Now, about those Fundamentalist Mormons or FLDS that the church would prefer that the media not refer to as Mormons. Where did they come from? Well, prior to 1890 the Mormon prophets repeatedly said that polygamy was an eternal principle and that the practice would never be discontinued and that if it ever was then the church would be in apostasy. So, when the church stopped practicing polygamy some members believed that it was evidence that the leadership had apostatized and fallen and so they formed their own offshoots that continued the doctrines and practices originated by Joseph Smith and Brigham Young.
It's a little difficult to see how the FLDS are not Mormon. They believe in Joseph Smith, they Book of Mormon, and all of the teachings of the pre-1890 church. They follow the doctrines of the founding prophets of the church and refused to follow fallen leaders into apostasy after the LDS rejected polygamy. In fact, I think that they have a better doctrinal case of being the real Mormons. If they seem bizarre to the apostate, mainstream Mormon church then it is just an indication of how far the LDS church has fallen from what it was prior to its 1890 general apostasy.
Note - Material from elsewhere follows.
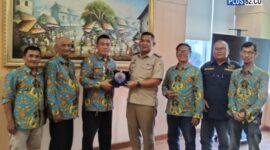 Ketua Pokja PWI, Helmi AR, memperkenalkan jajaran pengurus yang baru setahun dilantik. Ia menegaskan komitmen Pokja PWI untuk menjadi jembatan informasi antara BPN dan masyarakat.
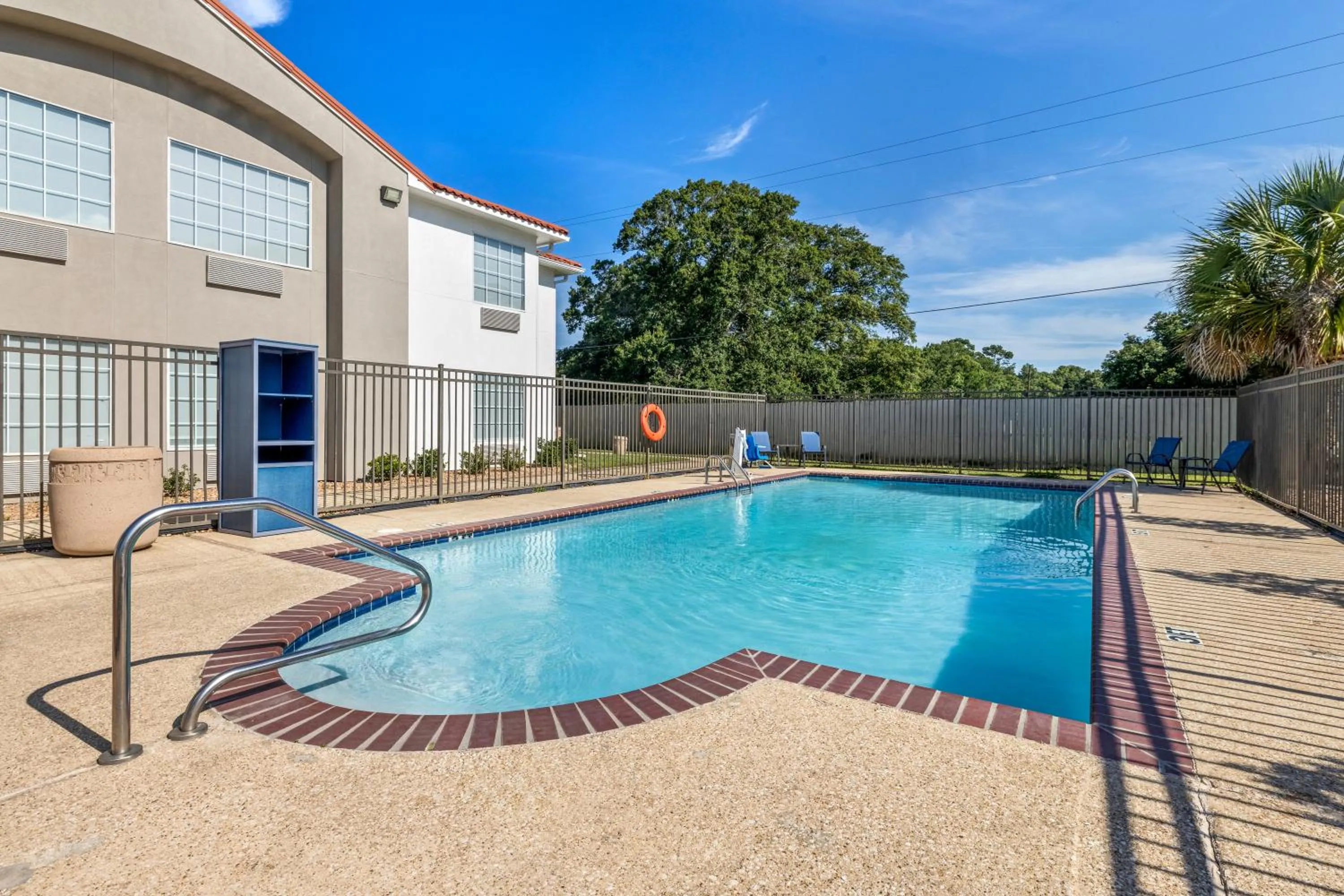 Swimming pool in Best Western Acadia Hotel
What we see with the FLDS are the practical results of the "revelation" of Joseph Smith and its implementation by Brigham Young. Polygamy means that there will be a shortage of brides. The result is strong competition among the males for the most desirable girls. This drives the marriages to occur at younger and younger ages in order to lock up the marriages. The logical extreme for the group is similar to other societies where girls are married as soon as they go through puberty and reach child bearing age. Since the primary objective of marriage is children and raising up a righteous generation for God, it is not unexpected that these girls will start having children and become mothers at an early age. This is their highest calling. This is the case even in the mainstream LDS church where women are discouraged from working outside the home and are encouraged to be stay at home mothers. The main difference is that without polygamy, they don't have the same pressure to marry at very young ages.
The other implication that is not currently getting the press it deserves is the implications of polygamy for the males within the FLDS community. If each righteous male has to have 3 wives in order to be saved, then that means that 2 out of 3 males will be unwed. So what do you do? Well, you cull the herd. You need to go through a process that selects the most righteous 1/3 and you get rid of the rest. In fact the FLDS do exactly that and have cast out thousands of young boys to wander homeless. After being raised in their isolated communities with little education and a profound distrust for non-members they are cast out into a world that they are unprepared to live in. The end result is a culture that systematically produces a stream of homeless boys with severe emotional and social problems.
So, the LDS have deal with the FLDS making the new for continuing on with doctrines that the LDS itself practiced until 1890/1906. And it doesn't like it. Somehow I feel no sympathy for them and hope that many, many more articles are written showing how the two are inextricably linked by their history and doctrines.